10日にFIFAランク2位のブラジル代表と対戦する日本代表が“カナリア軍団”に勝つための手段を、この「堅忍果決」という四字熟語のごとく現実的に考えている男がいた。

8日の練習を終えた原口元気は、報道陣の質問に対して「90分間苦しむような展開になると思う」と切り出し、そこから何度も「苦しむ」というフレーズを繰り返した。

■バイエルンと対戦するイメージで

どうすればブラジル代表に勝てるのか――。ヘルタ・ベルリンのメンバーとしてブンデスリーガを戦い抜いてきた彼が出した結論。それが苦しみながら耐えて、ワンチャンスを決めることだった。

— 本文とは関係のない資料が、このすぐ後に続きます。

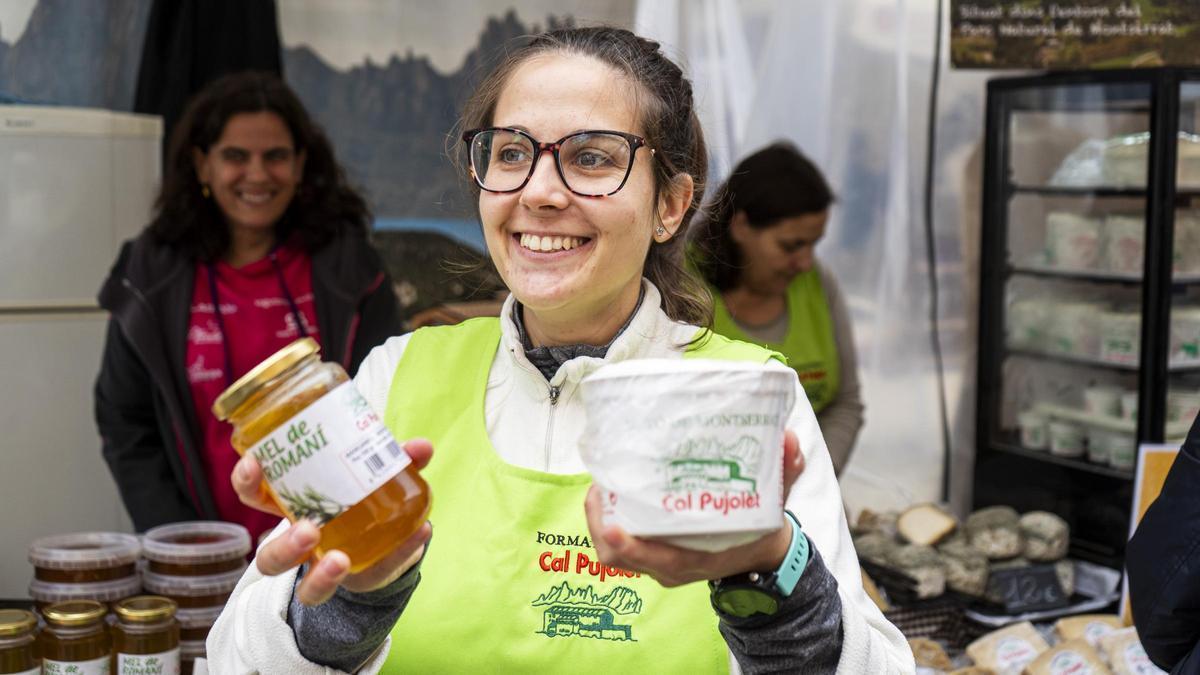 diariRegio7's tweet photo. 'Ens trobem gent que ja li comprava mató a la meva àvia' https://t.co/aw2lWkXS0o https://t.co/LbkSVhqLBz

「90分間苦しみますからね、間違いなく。でも、苦しまないと勝てない相手なので、苦しみに行く覚悟で。勝つことで唯一楽しめるというか、そこのチャンスをうかがいながらプレーしていきたい」

来年6月のワールドカップ本大会に向けたテストマッチとして、重要な位置づけとされる今回の欧州遠征。ブラジル、ベルギーという本大会で上位進出が期待される2カ国に対して、日本代表がどれだけ力を見せることができるのか。国内組にとっては、いつもテレビで見ているようなスター選手との対戦で、海外組にとっても各国のビッグクラブでエース級の存在感を見せている選手たちの集まりに挑むことになる。今回のゲームを“腕試し”とポジティブに考えた場合、ともすれば“ワクワク感”を持ってキックオフを迎える選手がいるかもしれない。メディアやファン・サポーターも日本代表の現在地を知る上で楽しみな試合だと考えていた人は少なくないだろう。誰が通用して、誰が通用しないのか。ヴァイッド・ハリルホジッチ監督が目指すサッカーが本大会で結果を出せるのかどうか。いろいろな意味で試金石になると思われた。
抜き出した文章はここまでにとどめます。